3 Nisan 2011 Pazar

21.09

ne kadar zaman geçmişti aradan.. dünmüydü? yoksa bugün mü? gerçekten, o kadar sene geçmiş olabilirmi? olamaz heralde. bir parfüm. bir koku sizi ne kadar uzağa götürebilir biliyor musunuz? ben bugün öğrendim. suratımda aptal bi ifade, dondum kaldım bir an. gözüm daldı, kaçıramadım bakışlarımı uzaklardan. dönüp gidişinden tut, koşarak gelişine kadar, herşey bir anda belirdi gözlerimin önünde. bir kokuyla. sadece bir koku.

 bir koku seni bundan seneler önce kafanı yastığından kaldırdığında gördüğün mesaja şaşırman kadar şaşırtabilir bazen, ya da bir başka gün bambaşka bir mesajla gelen gözyaşlarını geri getirebilir. seni seneler öncesine de atabilir, hayallere de bırakabilir. anılar insafsızdır. ne zaman nerden vurucaklar bilemezsin.

bir gün ansızın girer hayatına. bir satranç oyunu gibidir aslında herşey. ama rövanşını alacak ne yürek kalmıştır senden geriye, ne de ömür. "zaten bir şey de beklemiyorum senden. birşey bekleyecek yüzüm yok ki. sen bana verebiliceğin en güzel hediyeyi verdin. kazanmaktan kaybetmekten çok pes etmeyi öğrettin."

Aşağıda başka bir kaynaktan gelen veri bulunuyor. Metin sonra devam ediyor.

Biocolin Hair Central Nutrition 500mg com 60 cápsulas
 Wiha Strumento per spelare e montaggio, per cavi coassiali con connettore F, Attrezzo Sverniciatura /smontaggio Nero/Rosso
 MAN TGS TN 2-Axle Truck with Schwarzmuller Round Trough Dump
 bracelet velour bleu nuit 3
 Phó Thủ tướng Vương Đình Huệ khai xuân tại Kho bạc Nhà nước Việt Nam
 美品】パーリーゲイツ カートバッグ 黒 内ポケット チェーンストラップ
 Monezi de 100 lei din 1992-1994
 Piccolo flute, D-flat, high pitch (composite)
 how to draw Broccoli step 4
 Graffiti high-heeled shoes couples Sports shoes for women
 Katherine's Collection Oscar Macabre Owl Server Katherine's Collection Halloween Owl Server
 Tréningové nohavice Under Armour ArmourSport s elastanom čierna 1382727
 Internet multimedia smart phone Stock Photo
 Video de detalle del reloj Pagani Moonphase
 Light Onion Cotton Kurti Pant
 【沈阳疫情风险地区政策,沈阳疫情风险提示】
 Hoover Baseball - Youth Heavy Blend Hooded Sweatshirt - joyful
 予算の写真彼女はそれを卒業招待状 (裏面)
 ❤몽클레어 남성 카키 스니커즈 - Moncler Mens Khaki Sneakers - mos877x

çok değerli bir insanın bile, bir gün hiçbirşey olamayacağını gösterdin.
sayende ben, çekip gitmeyi öğrendim.

derken, bir koku duyarsınız. ve herşey geri gelir.
gözünüz dalar, aptal bir yüz ifadesiyle dalarsınız bir yerlere.
ne başı ne sonu yoktur bu anın. bu yazının.
çünkü anıların bir sonu olamaz. istesek de, istemesek de.